INPUT MATERIAL —
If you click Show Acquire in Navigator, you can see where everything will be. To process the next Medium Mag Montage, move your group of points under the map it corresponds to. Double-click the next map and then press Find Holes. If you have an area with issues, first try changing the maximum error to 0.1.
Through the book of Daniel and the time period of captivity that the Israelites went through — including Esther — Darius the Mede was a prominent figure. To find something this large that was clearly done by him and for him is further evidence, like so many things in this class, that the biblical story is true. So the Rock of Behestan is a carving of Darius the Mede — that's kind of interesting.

==

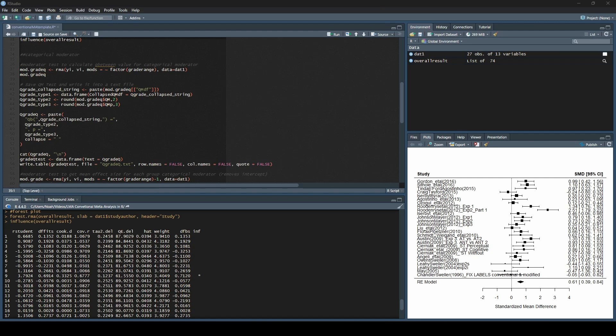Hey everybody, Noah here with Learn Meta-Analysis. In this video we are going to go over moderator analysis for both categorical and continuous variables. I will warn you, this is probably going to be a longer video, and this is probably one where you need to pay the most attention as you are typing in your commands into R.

--

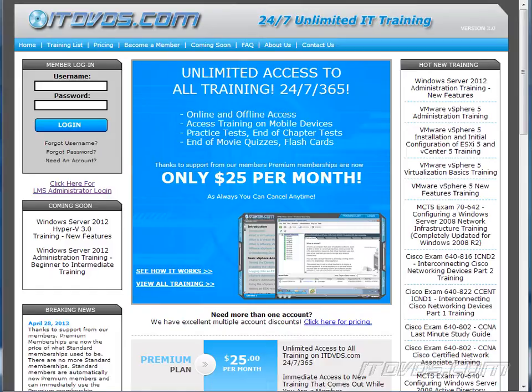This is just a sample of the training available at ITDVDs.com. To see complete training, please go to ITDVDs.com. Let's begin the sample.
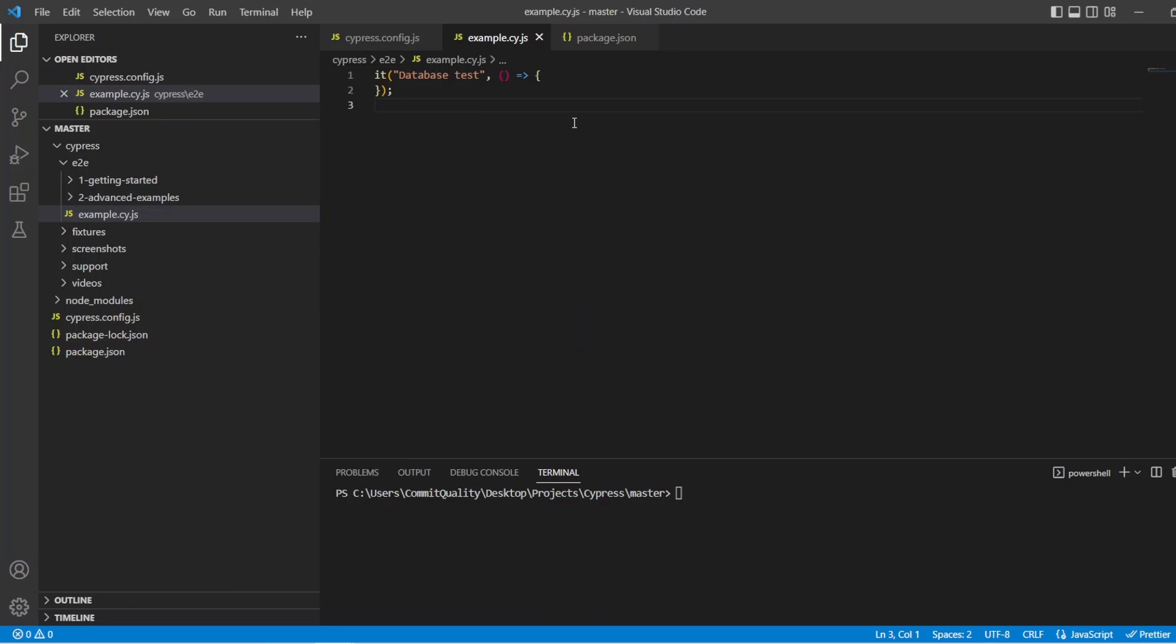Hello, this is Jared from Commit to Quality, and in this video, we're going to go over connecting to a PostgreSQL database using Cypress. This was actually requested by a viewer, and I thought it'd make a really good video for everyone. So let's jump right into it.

EXERCISE DESCRIPTION —
Give again, word for word, every line of the listing above from the one with "If you click" to the one with "Through the book", both inclusive, and nothing beyond them.

OUTPUT FOR THIS EXERCISE —
If you click Show Acquire in Navigator, you can see where everything will be. To process the next Medium Mag Montage, move your group of points under the map it corresponds to. Double-click the next map and then press Find Holes. If you have an area with issues, first try changing the maximum error to 0.1.
Through the book of Daniel and the time period of captivity that the Israelites went through — including Esther — Darius the Mede was a prominent figure. To find something this large that was clearly done by him and for him is further evidence, like so many things in this class, that the biblical story is true. So the Rock of Behestan is a carving of Darius the Mede — that's kind of interesting.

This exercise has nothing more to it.